Unzählige Zeugenvernehmungen, Aktensichtungen, ein Sachverständigengutachten und eine Filmvorführung liegen seit dem Auftakt Ende Januar 2018 hinter den Prozessbeteiligten. Danach besteht für die Staatsanwälte Fabian Hohl und Matthias Rauch kein Zweifel daran, dass sich Ex-Woolrec-Geschaftsführer Edwin F. des vorsätzlichen unerlaubten Umgangs mit Abfällen in 56 Fällen schuldig gemacht hat. Die Ankläger forderten, ihn dafür zu einer Gesamtgeldstrafe von 600 Tagessätzen à 35 Euro (21 000 Euro) zu verurteilen. Für Stefan G., der als externer Gutachter für das Qualitätsmanagement bei Woolrec verantwortlich war, forderten sie wegen Beihilfe in ebenfalls 56 Fällen 390 Tagessätze à 150 Euro (58 500 Euro). Das Strafmaß hätte bei fünf Jahren Freiheitsstrafe geendet.
Noch vor dem Plädoyer der Ankläger gab Stefan G. eine Erklärung ab. Darin schob er die Verantwortung maßgeblich dem RP Gießen zu. Technisch sei er nie dazu in der Lage gewesen, die einzelnen Inhaltsstoffe wie Ton oder Melasse im Fasergemisch Woolit mengenmäßig zu bestimmen, so wie im Produktanerkennungsbescheid von 2003 verlangt. Darauf habe er die Aufsichtsbehörde mehrfach hingewiesen, so Stefan G..
Behörde soll Satz in Berichten eingefordert haben
Eine zunächst angedachte Verbesserung der Analyse sei durch das RP nicht weiter verfolgt worden. Stattdessen sei er von Behördenmitarbeitern aufgefordert worden, seine monatlichen Qualitätsberichte jeweils um den Satz "Rezeptur wurde eingehalten" zu ergänzen. Obwohl bekannt gewesen sei, dass er allein die Faserfreisetzung und den Wassergehalt überprüft habe, so Stefan G.: "Das mengenmäßige Verhältnis hat keine Rolle mehr gespielt." Auf dem Vorwurf, Woolrec sei heimlich von der vorgeschriebenen Rezeptur abgewichen und Stefan G. habe dies durch seine Gutachten gedeckt, fußt das Verfahren.
Staatsanwalt Fabian Hohl blieb unbeeindruckt. Er sieht alle Anklagepunkte als weitgehend bestätigt an. "Je kleiner, desto gefährlicher", gelte für künstliche Mineralfasern, erklärte Hohl. Besonders ältere Dämmstoffe, hergestellt vor 1996, wie sie in Woolit verarbeitet wurden, könnten krebserregend sein.

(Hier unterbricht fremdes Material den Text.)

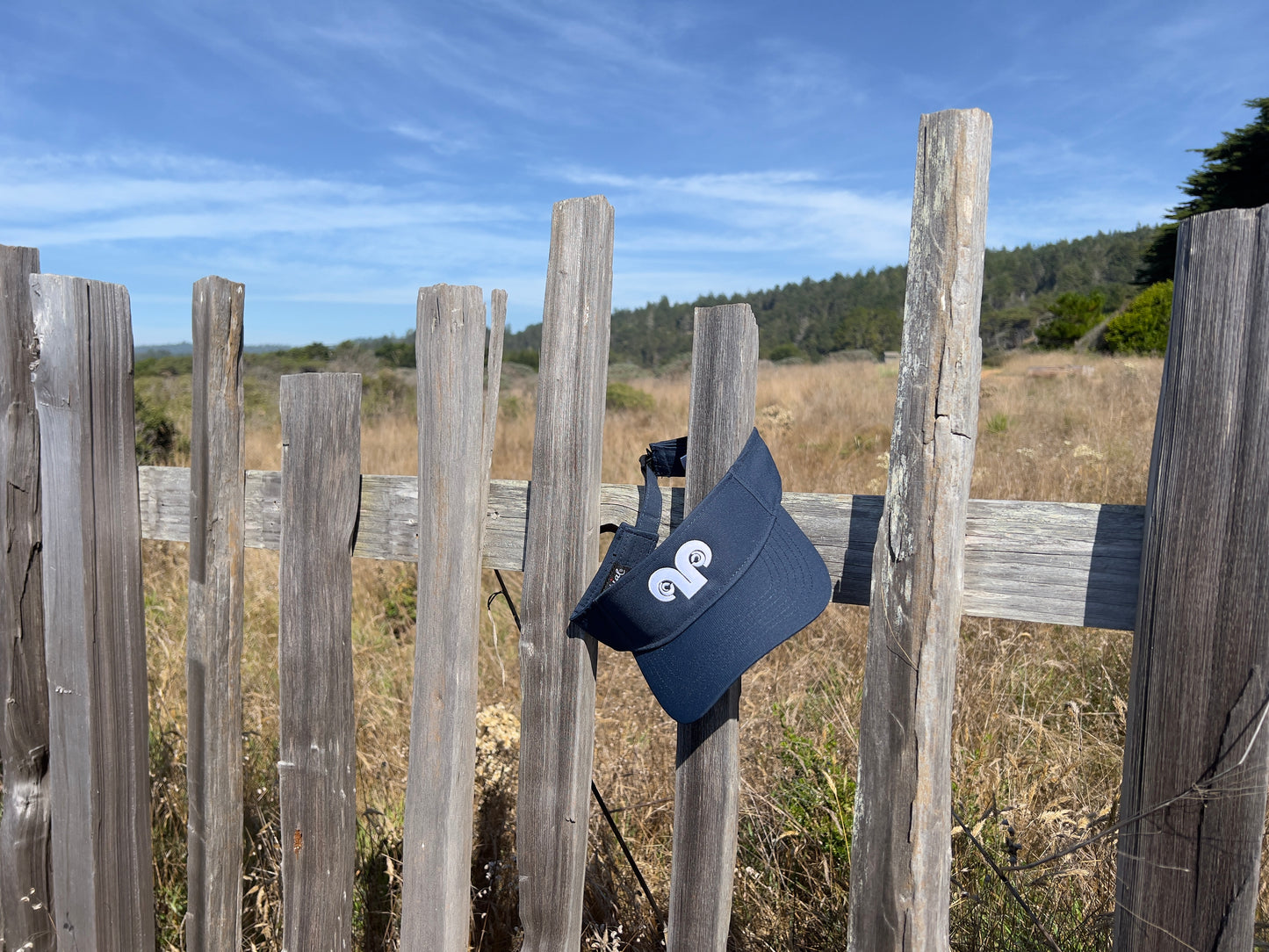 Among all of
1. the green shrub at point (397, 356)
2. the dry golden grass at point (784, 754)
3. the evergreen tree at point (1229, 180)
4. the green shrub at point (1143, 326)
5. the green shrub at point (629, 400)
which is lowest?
the dry golden grass at point (784, 754)

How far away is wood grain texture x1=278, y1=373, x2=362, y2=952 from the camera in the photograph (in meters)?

Um das Gemisch aus Fasern, Ton, Melasse und später zunehmend Wasser, aber auch Emaille- und Glasabfällen sowie Filterstäuben für die Ziegelindustrie "schmackhaft" zu machen, habe der damalige Firmenchef die Produktzulassung beim RP Gießen beantragt. Den Produktanerkennungsbescheid gab es 2003. Ein zweiter Bescheid folgte 2006, als die Woolit-Form verändert wurde: Statt gepresst wurde das Gemisch in matschiger Form ausgeliefert. Zur Herstellung hätten keinerlei Standards existiert, so der Staatsanwalt. Der Tonanteil habe nicht einmal die Hälfte der vorgeschriebenen Mindestmenge erreicht.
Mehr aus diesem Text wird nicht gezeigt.